Closer to home, The Provenance of Beauty examines the history and contemporary issues of gentrification of the South Bronx, via a bus-tour-performance. Going all the way back to the Dutch colonists, but focusing on the past half century, when the Bronx received its reputation as the least desirable real estate in the five boroughs.
The tour is informative and, at times, personal and beautiful, as the tour is narrated by three natives, through radio headphones worn by audience members. And this is the production’s greatest feat: Geoff Abbas, Kell Condon, and Casey Llewellyn have done a magnificent job rigging a run-of-the-mill charter bus into a live video and sound feed theatre space. The intimacy fostered by the headphones make the tour a very individual experience, despite the pseudo-public nature of the environment.
Provenance, however, instead on focusing on the enlightenment of the Bronx experience, the beauty of the aesthetics and history, set up an unfortunate antagonism with gentrification of “SoBro”; I’ve glossed the complications of the process in the past (my NY Times debut!), and a poetic polemic does very little to expose greater issues of the economic divide, cultural nostalgia, and social inequalities that contribute to an ever-changing landscape.
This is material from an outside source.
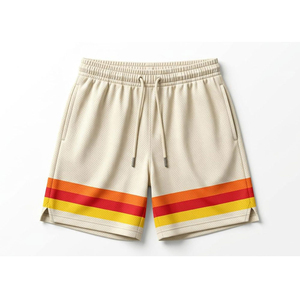 Shorts en maille pour hommes fabriqués sur mesure au Pakistan, séchage rapide, logo personnalisé, taille élastique, décontractés, pour l'entraînement, la gym, le baseball, légers - Product Image 1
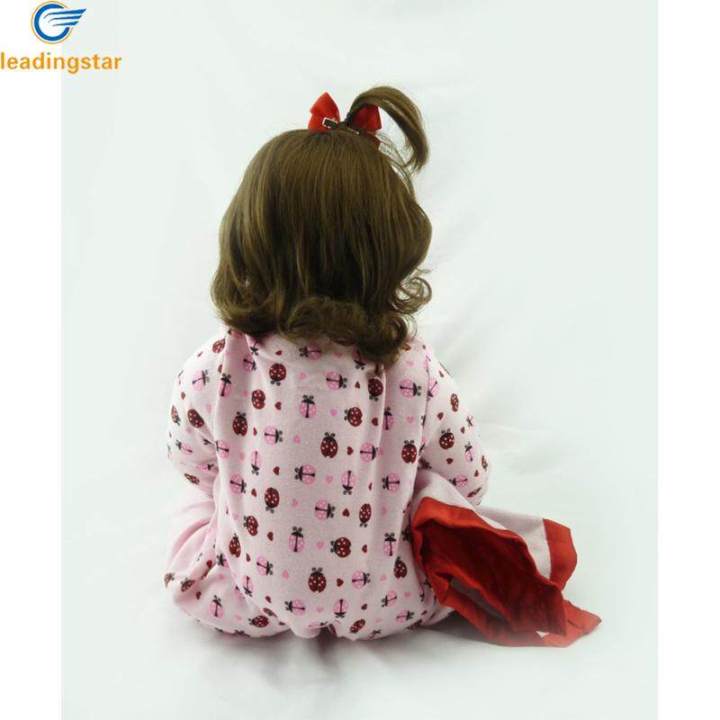 leadingstar-ตุ๊กตาเด็กทารก-ตุ๊กตาเด็กรีบอร์น-19-นิ้ว-ตุ๊กตาซิลิโคนอ่อนนุ่ม-ของเล่นสำหรับคริสต์มาส-วัสดุผ้าไวนิล-cod-826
For starters, the performance starts out from and returns the audience to a location in Manhattan, surely a device to ensure the audience comes in the first place, and, perhaps more audaciously, assumes at a number of junctures that each passenger is from Manhattan, bordering on name-calling.
Mostly however, the text holds the audience to a fallacial struggle between “you and me,” which Walter Benn Michaels sums up well in The Trouble with Diversity:
They’re nostalgic, in other words, not exactly for racism but for the distinctive social practices (what Cornell West calls the ‘cultural armor’) that resistance to racism helped create. On the one hand, Jim Crow impoverished and disempowered an entire community; on the other, it solidified that community’s identity as a community.
So as the bus passes by Baretto Point Park, our tour guide characterizes it pre-urban-renewal as
This was always our park, we chose it because it had been thrown away. Memory upon memory was built in this place as darkness descended and a neighborhood asserted itself where one would least look to find it.
The soft-focus lens disappears however, after Giuliani renovates the shoreline; only then are the fertilizer factory and raw sewage treatment plant that flank and poison the water there are mentioned, even though they existed long before, back in the day. It’s a common and misguided double standard in the discourse on gentrification.
I’m not going to be presumptuous enough to attempt to answer the question I set out at the opening. That would be insane, and I’d love to hear the thoughts of you, brilliant OJ readers, and start a dialogue. Instead, I will say that both these performances are powerful and moving at many points, and well worth attending and beginning a conversation about very important political issues of the times. The assumption of antagonism, though, seems to fall flat, upon deaf ears, though, and bearing witness, raising awareness seems a much more productive and hopeful goal.